We exchanged numbers. And from that point, it was a full-blown sprint. Within two weeks, I knew her coffee order, her childhood fear of escalators, and the way she said “mmm” when she read something that made her think.
It was the little things that started to feel… off.
Samantha would zone out mid-conversation. She always took a moment too long to respond to emotional questions—especially when it involved love, trust, or the future.
She told me her last relationship ended “messily.” His name was Eli. The first time she said it, her voice dipped just slightly, like the word still held weight.
But I didn’t push. Everyone has a past. Hell, I had mine too.
Still, there were moments I couldn’t shake. The way she looked at her phone sometimes—not on it, just staring at it. Or how she’d get this faraway look when we passed certain streets or songs came on. She wasn’t with someone else, I told myself. But maybe… she wasn’t fully with me either.

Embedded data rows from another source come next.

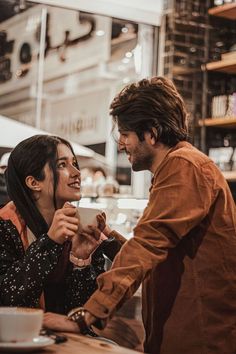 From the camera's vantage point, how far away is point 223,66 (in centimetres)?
573

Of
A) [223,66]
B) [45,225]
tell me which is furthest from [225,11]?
[45,225]

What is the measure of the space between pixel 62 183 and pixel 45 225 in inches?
6.1

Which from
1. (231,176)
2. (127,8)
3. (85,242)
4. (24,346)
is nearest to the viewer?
(24,346)

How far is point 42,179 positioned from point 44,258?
42 cm

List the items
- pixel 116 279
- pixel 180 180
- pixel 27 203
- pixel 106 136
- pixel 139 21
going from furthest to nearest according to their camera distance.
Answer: pixel 106 136
pixel 139 21
pixel 27 203
pixel 180 180
pixel 116 279

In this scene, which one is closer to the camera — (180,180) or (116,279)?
(116,279)

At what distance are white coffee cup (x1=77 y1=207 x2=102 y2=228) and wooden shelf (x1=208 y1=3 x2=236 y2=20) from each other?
3.75 m

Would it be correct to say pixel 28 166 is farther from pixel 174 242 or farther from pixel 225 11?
pixel 225 11

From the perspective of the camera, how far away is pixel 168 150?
7.71 feet

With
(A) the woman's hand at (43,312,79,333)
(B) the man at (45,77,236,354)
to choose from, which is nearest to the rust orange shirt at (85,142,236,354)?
(B) the man at (45,77,236,354)

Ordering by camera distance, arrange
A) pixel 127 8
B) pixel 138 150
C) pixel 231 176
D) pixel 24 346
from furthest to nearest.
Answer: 1. pixel 127 8
2. pixel 231 176
3. pixel 138 150
4. pixel 24 346

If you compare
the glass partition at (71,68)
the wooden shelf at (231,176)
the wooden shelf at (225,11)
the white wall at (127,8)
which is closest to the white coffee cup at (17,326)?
the wooden shelf at (231,176)

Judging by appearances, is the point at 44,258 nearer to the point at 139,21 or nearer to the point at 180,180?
the point at 180,180

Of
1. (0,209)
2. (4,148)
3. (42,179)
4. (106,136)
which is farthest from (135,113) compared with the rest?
(106,136) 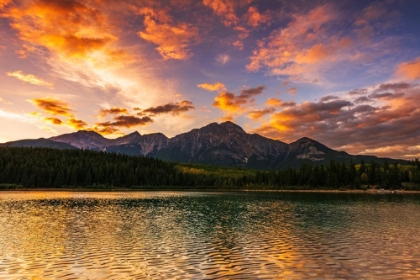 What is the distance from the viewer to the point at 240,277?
84.3ft

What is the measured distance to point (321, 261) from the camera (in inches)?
1244

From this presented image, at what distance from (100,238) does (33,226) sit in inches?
740

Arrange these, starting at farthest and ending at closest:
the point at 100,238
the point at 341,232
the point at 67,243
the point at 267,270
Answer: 1. the point at 341,232
2. the point at 100,238
3. the point at 67,243
4. the point at 267,270

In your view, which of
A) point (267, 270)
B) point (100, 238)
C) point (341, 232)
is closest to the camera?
point (267, 270)

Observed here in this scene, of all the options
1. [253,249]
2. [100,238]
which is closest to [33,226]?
[100,238]

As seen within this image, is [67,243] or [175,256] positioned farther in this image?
[67,243]

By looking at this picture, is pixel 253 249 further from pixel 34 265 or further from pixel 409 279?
pixel 34 265

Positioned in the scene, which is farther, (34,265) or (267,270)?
(34,265)

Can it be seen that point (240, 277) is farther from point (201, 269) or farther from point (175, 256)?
point (175, 256)

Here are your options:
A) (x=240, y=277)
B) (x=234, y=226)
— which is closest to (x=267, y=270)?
(x=240, y=277)

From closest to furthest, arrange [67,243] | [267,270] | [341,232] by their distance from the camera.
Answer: [267,270]
[67,243]
[341,232]

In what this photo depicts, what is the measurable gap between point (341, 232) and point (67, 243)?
1619 inches

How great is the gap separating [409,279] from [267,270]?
444 inches

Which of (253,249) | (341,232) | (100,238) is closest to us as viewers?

About six weeks into dating, I surprised her with cupcakes at her place. Nothing fancy—just her favorite red velvet from a little bakery we both liked.

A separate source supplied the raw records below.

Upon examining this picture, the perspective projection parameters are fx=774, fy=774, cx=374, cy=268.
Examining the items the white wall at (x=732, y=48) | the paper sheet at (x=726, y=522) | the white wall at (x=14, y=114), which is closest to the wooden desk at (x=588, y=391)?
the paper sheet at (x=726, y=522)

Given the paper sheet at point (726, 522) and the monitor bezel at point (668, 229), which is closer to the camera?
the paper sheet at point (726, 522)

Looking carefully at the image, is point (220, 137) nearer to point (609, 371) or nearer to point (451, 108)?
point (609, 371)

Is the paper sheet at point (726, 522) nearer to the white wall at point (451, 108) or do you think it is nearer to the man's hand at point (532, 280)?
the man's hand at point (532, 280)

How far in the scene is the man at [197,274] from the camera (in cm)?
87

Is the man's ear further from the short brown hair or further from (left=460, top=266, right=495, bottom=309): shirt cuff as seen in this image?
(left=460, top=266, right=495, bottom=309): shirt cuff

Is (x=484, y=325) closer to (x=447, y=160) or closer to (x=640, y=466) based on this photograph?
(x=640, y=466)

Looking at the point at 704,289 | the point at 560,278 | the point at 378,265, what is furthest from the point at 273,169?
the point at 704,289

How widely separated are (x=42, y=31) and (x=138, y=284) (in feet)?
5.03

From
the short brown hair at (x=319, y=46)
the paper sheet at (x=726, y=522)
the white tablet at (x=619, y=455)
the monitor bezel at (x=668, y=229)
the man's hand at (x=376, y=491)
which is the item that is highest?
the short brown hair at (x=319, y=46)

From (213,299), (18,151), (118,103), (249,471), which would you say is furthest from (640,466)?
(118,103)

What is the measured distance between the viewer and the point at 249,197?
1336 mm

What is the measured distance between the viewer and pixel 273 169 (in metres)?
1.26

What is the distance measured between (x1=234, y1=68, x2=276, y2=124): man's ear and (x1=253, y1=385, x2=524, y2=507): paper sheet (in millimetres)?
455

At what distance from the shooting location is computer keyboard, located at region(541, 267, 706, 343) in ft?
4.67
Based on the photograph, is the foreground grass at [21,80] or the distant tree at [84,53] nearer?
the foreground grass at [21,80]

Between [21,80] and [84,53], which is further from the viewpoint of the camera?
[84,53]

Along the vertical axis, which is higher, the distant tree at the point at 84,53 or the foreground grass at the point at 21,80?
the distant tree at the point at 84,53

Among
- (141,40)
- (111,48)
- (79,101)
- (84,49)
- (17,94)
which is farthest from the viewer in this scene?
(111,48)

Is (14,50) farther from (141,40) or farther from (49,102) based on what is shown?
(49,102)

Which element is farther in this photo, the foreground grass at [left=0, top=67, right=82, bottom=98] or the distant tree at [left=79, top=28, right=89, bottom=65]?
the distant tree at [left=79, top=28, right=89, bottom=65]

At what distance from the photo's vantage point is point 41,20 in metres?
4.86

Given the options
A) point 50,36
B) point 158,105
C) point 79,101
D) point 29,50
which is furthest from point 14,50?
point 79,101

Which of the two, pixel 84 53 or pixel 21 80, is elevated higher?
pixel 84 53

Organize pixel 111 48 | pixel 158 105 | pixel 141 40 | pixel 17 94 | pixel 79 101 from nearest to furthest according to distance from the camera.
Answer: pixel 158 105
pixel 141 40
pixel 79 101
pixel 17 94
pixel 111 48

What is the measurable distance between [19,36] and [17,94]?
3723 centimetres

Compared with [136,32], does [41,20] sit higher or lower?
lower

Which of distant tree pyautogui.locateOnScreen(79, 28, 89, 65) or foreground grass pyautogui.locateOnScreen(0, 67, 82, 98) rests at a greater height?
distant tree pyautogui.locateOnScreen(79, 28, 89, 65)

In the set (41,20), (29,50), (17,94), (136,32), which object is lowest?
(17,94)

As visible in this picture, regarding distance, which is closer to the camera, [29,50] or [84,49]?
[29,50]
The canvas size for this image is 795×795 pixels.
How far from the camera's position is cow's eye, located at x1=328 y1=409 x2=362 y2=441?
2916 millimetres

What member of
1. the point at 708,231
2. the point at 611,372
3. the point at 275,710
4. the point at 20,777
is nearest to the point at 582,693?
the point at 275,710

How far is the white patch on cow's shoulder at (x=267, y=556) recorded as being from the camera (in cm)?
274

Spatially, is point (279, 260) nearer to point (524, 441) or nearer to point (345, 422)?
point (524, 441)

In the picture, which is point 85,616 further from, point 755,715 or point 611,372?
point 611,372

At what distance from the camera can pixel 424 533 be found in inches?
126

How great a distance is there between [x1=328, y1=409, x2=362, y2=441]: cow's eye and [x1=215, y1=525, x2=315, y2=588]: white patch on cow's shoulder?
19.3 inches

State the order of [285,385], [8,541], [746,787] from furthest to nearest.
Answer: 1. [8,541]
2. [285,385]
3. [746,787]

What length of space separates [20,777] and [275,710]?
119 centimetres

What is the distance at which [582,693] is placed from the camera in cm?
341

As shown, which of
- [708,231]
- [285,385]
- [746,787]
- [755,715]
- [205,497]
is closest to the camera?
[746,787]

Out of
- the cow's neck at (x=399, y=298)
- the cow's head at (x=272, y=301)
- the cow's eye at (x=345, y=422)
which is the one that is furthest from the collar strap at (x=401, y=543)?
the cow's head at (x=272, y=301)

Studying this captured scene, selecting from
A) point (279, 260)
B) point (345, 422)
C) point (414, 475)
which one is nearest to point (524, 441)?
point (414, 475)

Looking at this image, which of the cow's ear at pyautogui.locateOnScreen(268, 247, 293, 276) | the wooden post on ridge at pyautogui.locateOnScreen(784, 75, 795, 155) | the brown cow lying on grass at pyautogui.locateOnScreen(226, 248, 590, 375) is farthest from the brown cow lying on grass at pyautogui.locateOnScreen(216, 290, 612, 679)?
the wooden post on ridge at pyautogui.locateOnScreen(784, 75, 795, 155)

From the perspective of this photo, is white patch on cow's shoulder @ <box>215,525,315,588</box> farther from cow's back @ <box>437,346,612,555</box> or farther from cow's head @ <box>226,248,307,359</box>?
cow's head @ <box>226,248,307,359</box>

She opened the door, smiled, and invited me in. Everything seemed normal.
Until I walked into her living room and saw the Polaroid stuck on her fridge: her and him. Eli. In party hats. The background matched her apartment. It was her birthday… last year.

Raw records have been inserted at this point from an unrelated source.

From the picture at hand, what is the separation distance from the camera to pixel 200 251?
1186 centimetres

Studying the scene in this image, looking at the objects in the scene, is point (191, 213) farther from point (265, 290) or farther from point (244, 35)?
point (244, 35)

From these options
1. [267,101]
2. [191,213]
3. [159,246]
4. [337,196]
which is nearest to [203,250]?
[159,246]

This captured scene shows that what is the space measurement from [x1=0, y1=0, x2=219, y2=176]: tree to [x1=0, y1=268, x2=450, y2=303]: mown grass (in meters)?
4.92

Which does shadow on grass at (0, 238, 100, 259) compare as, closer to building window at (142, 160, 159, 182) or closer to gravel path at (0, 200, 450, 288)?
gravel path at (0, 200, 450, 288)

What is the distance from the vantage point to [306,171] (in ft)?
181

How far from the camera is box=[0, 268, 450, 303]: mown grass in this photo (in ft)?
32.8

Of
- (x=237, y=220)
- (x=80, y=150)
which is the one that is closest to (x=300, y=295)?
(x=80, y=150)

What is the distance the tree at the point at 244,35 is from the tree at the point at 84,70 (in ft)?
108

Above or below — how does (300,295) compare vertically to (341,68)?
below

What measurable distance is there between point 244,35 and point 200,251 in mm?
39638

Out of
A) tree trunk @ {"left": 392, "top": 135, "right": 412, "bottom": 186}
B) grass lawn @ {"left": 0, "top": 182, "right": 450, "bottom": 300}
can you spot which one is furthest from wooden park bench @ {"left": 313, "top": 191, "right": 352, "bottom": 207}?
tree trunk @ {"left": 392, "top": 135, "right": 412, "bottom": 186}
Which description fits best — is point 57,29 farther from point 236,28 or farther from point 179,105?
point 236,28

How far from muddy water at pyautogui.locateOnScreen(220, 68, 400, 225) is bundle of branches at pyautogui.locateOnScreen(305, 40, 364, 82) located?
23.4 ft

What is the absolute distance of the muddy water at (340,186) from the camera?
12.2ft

“I didn’t know you kept pictures of him up,” I said, carefully.
She turned, saw it, and froze. “Oh. I meant to take that down.”
She didn’t. Not for the rest of the night. Not even after I left.
It happened a few days later, when we were making breakfast. I made the eggs too runny; she teased me for it.
“You always do that,” she said, then paused. “I mean—he used to do that.”
Silence.
I said nothing. She pretended she hadn’t said it. But I couldn’t forget it.
That night, I went home and sat in my car for twenty minutes before going inside. I told myself I was being paranoid.
But deep down, I knew something was unraveling.
We had plans to go to a house party thrown by her friend Liv. The kind of gathering with overpriced charcuterie and too many people in ironic shirts.
When we got there, things felt… weird. People were nice, but they kept glancing at me like I was an extra in a movie where they already knew the plot.
Then I heard someone whisper, “That’s not Eli.”
I don’t think she heard it. Or maybe she did. She got a little quieter after that. Drank a little faster.
Later that night, I walked into the kitchen looking for her. And I found her—on the back porch, staring at her phone. Not texting. Just staring.
I watched her from inside for maybe 15 seconds. I’m not proud of it.
Then I turned away.
She left her phone unlocked on my nightstand a week later. We had just woken up, and she went to shower. I wasn’t trying to snoop.
But a message preview popped up.
The name: Eli.
The message: “I don’t know what we’re doing. I thought we agreed not to talk again. I can’t keep doing this.”
I didn’t open it. I didn’t need to.
The moment she came out of the bathroom, I handed her the phone and said, “We need to talk.”
She didn’t even ask why. She just sat down.
Samantha didn’t deny it. She didn’t even cry.
She just said, “I thought I was over him. I thought dating someone new would help me move on.”
It was honest. Painfully so.
I asked, “Do you love him?”
She looked away. That was my answer.
She apologized. Said I didn’t deserve any of this. She was right.
I told her I needed space, and she didn’t fight me. She just nodded like she already knew this was coming.
That was the last time I saw her.
A month later, I was sitting at a coffee shop reading when I looked up and saw her—laughing across the room with someone new.
Not Eli.
Not me.
Someone different.
She looked lighter. Free, almost.
It hit me then: maybe Eli wasn’t her great love. Maybe none of us were. Maybe she was just trying to find herself again through other people—and we were all placeholders.
That realization hurt more than anything.
When you date someone, you don’t just date their present—you date their ghosts, their grief, their “what ifs.”
And sometimes, those ghosts are still living.
Samantha wasn’t a bad person. But she was broken in ways I couldn’t fix. She wanted comfort, not connection. Familiarity, not a future.
The worst part? She didn’t even know it herself.
Not until it was too late.
And me? I moved on eventually. I stopped checking her socials. I deleted her number.
But every now and then, when a certain song plays or I pass that dog park again, I think about how close we came to something real…
…if only we both knew what we were looking for.